Orphans @ The Gerald Schoenfeld Theatre

           "Orphans" was written in 1983 by Lyle Kessler, who grew up in Philadelphia and left when he was around 20 to pursue a career in acting, then branched out to write plays and screenplays, including a film version of "Orphans." The play has been widely performed -– Philadelphia Theatre Company was an early producer, a few years after its initial staging in Los Angeles -- but it has never appeared on Broadway until now.

            Two orphaned brothers are living in a decrepit North Philadelphia row house. Treat, the eldest, supports his damaged younger sibling by petty thievery, and makes the house a virtual prison for the seemingly simple-minded Phillip. One night he kidnaps a rich older man, Harold, who turns out to have his own motives and becomes the father figure the boys have always yearned for.

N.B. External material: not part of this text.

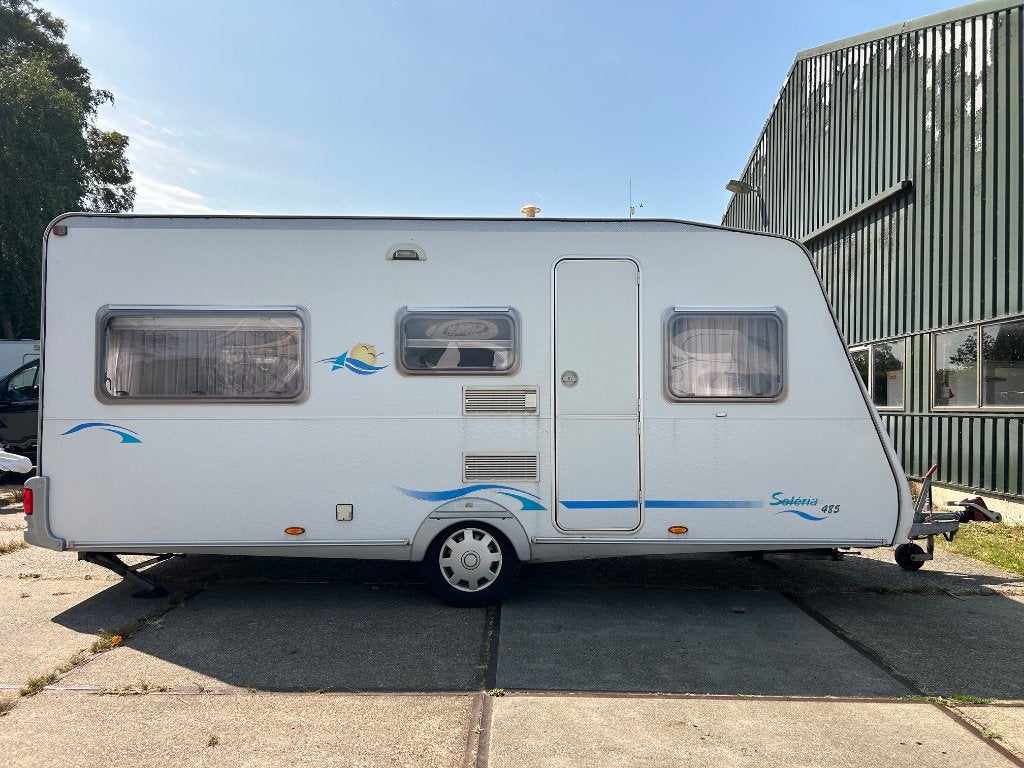 Caravelair Soleria 485, Kinderkamer, Stapelbed, vast bed, Treinzit, Particulier, Tot en met 6, Kachel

            In being such a small cast, this play needs three strong actors to really get into this rather confusing and intense play. Unfortuntly when casting, they missed the mark in more than one occasion. Alec Baldwin (TV's 30 Rock) played Harold, an ex-orphan who happened to find his own way and started a good life for himself and in the end becoming very wealthy. Its clear as to why Baldwin wanted to take on this role, it because its no different or challenging from any character that anyone has ever seen him play, which resulted in an extremely boring performance and some of the worst drunk acting to ever hit stage. Ben Foster played Treat, a violent and headstrong orphan who is taking care of his little brother Philip and Harold tries to help. Foster tries really hard to be frighting and intimidating but it was hard to believe that he had any kind of murderous bone in his body.After watching Baldwins and Fosters performance together, it was clear that maybe the director and producers replaced the wrong actor. Thank God for Tom Sturridge who portrayed Philip, Treats younger brother who has special needs and doesn't ever leave the house. Sturridge's performance was fun yet had warm heart felt notes behind it, clearly you don't have to be a big name to be good.

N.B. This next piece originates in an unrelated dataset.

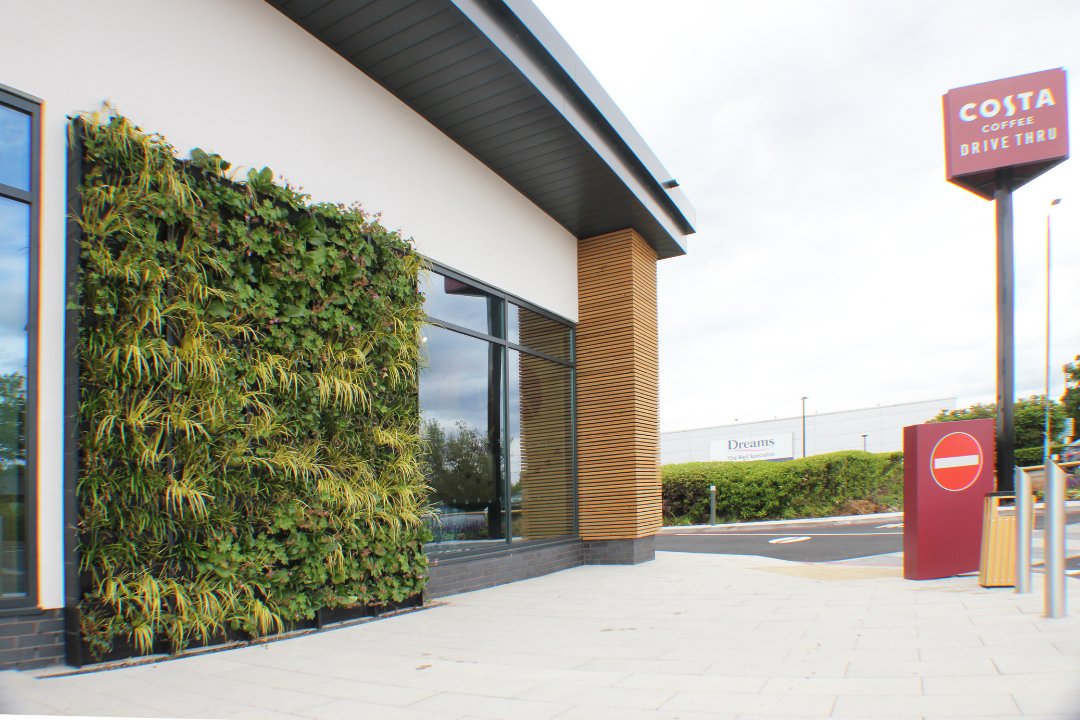 <a href="/InleafUK/">Inleaf Charlotte</a> recently installed a PlantBox living wall outside this Costa Coffee Drive-Thru. Aside from looking fantastic, living walls clean the air we breathe, support our wellbeing &amp; encourage local wildlife. Imagine if every coffee shop had a living wall…
#PlantBox <a href="/CostaCoffee/">Costa Coffee</a>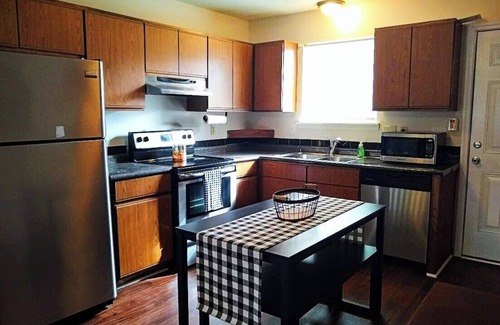 Piney Green House | Midway Park Hideaway @ TopShelfStays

           Pretty much the full design team from Tony Award willing play Good People comes back together to get this production of the ground, unfortunately this time it was a swing and a miss. Daniel Sullivan(Good People) directed, and man was the action uncleared and unjustified, the space was used well but only because he had Tom Sturridge's jumping around everywhere. Also he didnt even have them use the most interesting part of  Jon Lee Beatty's(Good People) set which was the up stairs bedrooms, as soon as the curtain went up the audience was wondering whats going to happen up there? Well don't get your hopes up because its nothing. Between Beatty's set and Pat Philips (Good People) light's, this production had nothing visually pleasing to look at. A shame.

           ORPHANS is playing in a limited run through June 30, at the Gerald Schoenfeld Theatre, on 45th Street near Eighth Avenue, New York City.